§ **What you are asked to do**: Needed from the data below: every line from the one with "MERCURYDUO(マーキ" up to and including the one with "Vintage & Modern", repeated exactly and with nothing else.

*** Opening of Data excerpts ***

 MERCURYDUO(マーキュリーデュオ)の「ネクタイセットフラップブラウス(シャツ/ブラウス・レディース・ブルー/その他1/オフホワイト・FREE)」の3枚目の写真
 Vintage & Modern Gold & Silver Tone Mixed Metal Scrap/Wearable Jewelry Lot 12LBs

*** Close of Data excerpts ***
*** Opening of Data excerpts ***

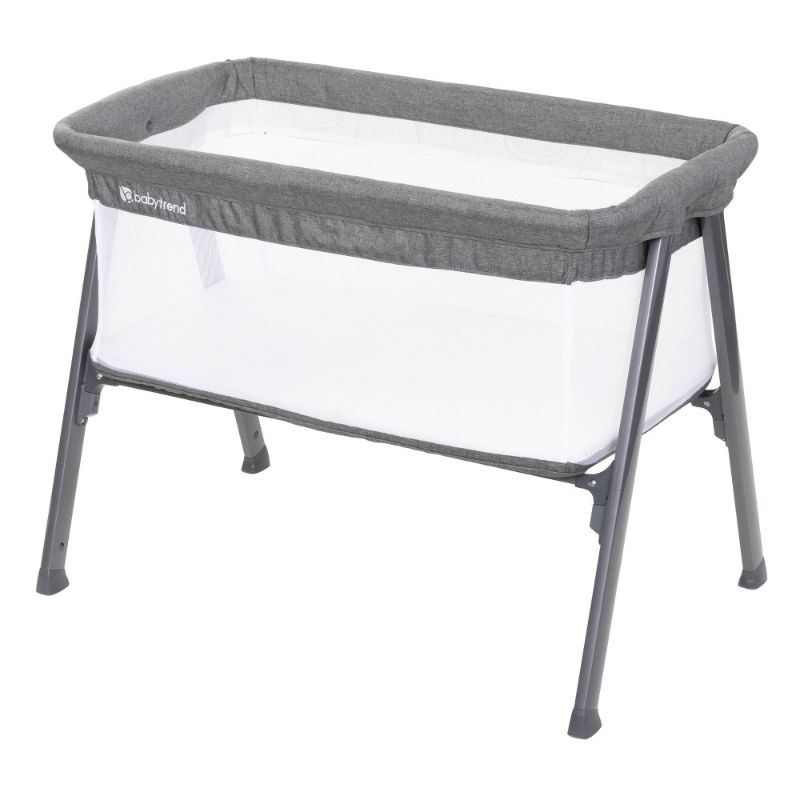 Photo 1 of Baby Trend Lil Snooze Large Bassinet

*** Close of Data excerpts ***

§ **Completed exercise**:
 MERCURYDUO(マーキュリーデュオ)の「ネクタイセットフラップブラウス(シャツ/ブラウス・レディース・ブルー/その他1/オフホワイト・FREE)」の3枚目の写真
 Vintage & Modern Gold & Silver Tone Mixed Metal Scrap/Wearable Jewelry Lot 12LBs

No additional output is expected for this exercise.